───── Data shown
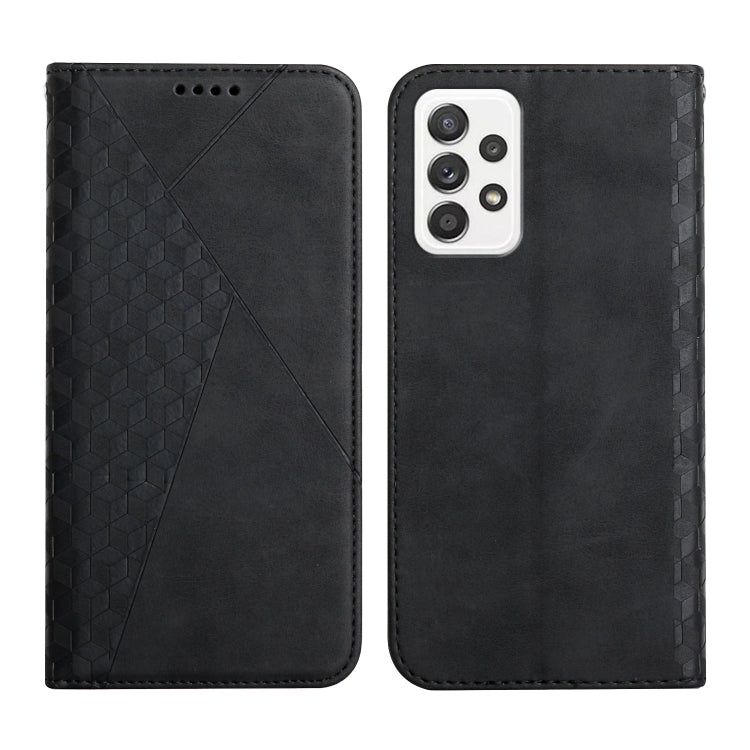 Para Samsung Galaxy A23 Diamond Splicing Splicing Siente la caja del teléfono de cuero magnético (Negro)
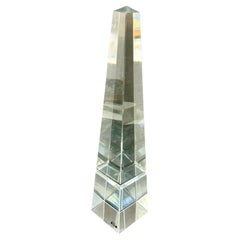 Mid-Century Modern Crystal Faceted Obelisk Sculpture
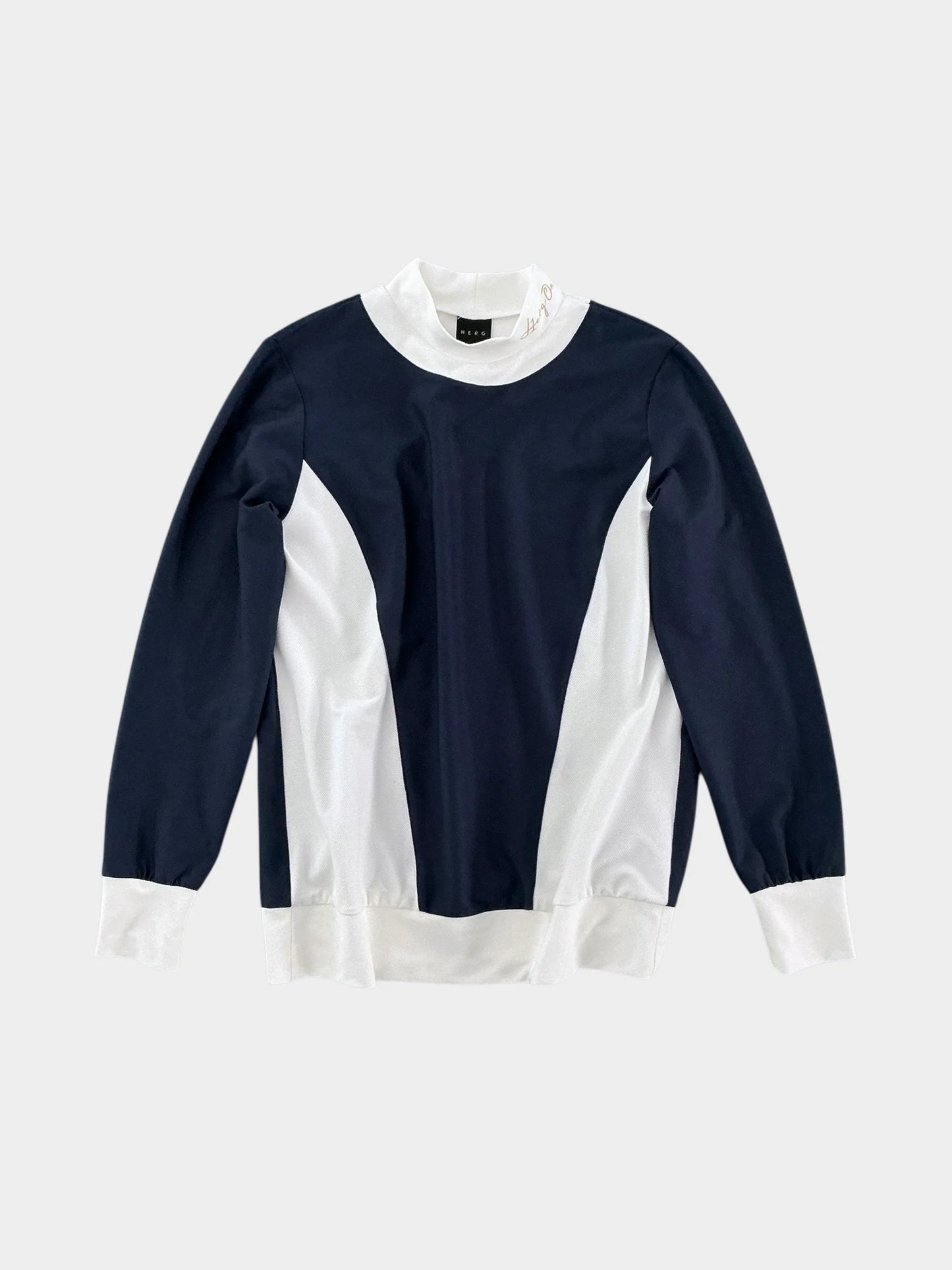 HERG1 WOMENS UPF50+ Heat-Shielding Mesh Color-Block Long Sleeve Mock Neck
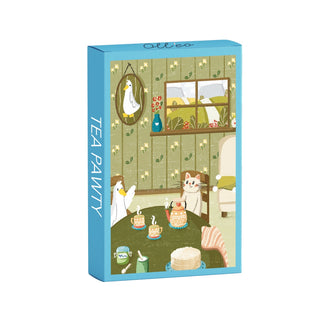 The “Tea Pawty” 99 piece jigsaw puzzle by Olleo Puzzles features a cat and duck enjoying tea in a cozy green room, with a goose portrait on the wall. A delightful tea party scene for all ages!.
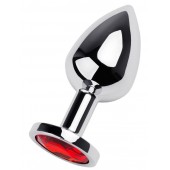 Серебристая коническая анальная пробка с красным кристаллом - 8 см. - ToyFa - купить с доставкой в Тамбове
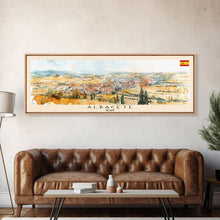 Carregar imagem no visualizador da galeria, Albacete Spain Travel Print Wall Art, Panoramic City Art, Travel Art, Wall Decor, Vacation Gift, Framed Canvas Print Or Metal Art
──────────
How to complete this task. The data is to be returned exactly as it stands, pictures aside.

Answer to this task.
 Para Samsung Galaxy A23 Diamond Splicing Splicing Siente la caja del teléfono de cuero magnético (Negro)
 Mid-Century Modern Crystal Faceted Obelisk Sculpture
 HERG1 WOMENS UPF50+ Heat-Shielding Mesh Color-Block Long Sleeve Mock Neck
 The “Tea Pawty” 99 piece jigsaw puzzle by Olleo Puzzles features a cat and duck enjoying tea in a cozy green room, with a goose portrait on the wall. A delightful tea party scene for all ages!.
 Серебристая коническая анальная пробка с красным кристаллом - 8 см. - ToyFa - купить с доставкой в Тамбове
 Carregar imagem no visualizador da galeria, Albacete Spain Travel Print Wall Art, Panoramic City Art, Travel Art, Wall Decor, Vacation Gift, Framed Canvas Print Or Metal Art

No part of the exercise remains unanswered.